3時過ぎに網走港へ入港しました。材木が積み上げられている埠頭の近くには「カンドウイチバ」と言うのがあるから、明朝はそこへ行けばいいですよ等というアドバイスを受けました。観光設備は全部5時閉館ですから、今日は能取湖へサンゴ草・厚岸草を見に出かけることにしました。 丁度見頃と言うことでしたが、今年は少し季節が遅く動いているようで、真っ赤と言う訳にはいきませんでした。ドライバーが親切に引っこ抜いて来てくれた(これは禁止事項でしょうね)のを見ますと、葉っぱは退化して節ばかりの草です。

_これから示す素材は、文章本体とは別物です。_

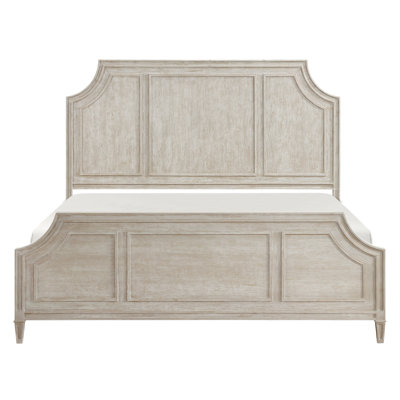Jaems Solid Wood Bed
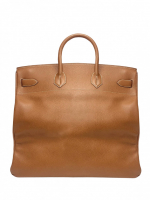 Hermes HAC Birkin 40 Gold Liegee Bag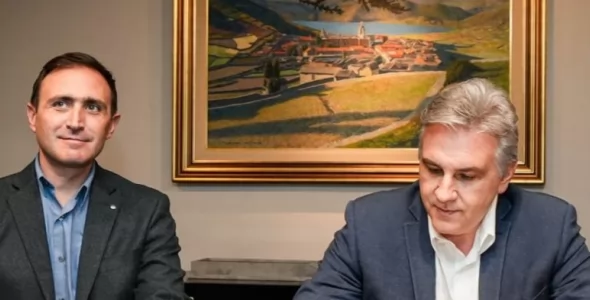Llaryora promulgó la Ley Antibúnker y Antiaguantaderos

塩分を含んだ湿地に生育するもので、夏の間は緑ですが、秋には真っ赤に紅葉するのだそうです。
厚岸草と言うのが本名のようですが、その姿が似ていると言うことで、浜松、浜杉とも言うそうです。 沼地には木の歩道が着いていて写真が撮れるようになっていました。
帰りに網走番外地にある現在の網走刑務所の高い煉瓦の塀の前で写真を撮ってくれると言うドライバーの親切をうけました。これは何の記念になるのでしょうか?まさか「良いところだからまたお出で!」ではないとは思うのですが・・・。向日葵が塀の廻りに沢山咲いていました。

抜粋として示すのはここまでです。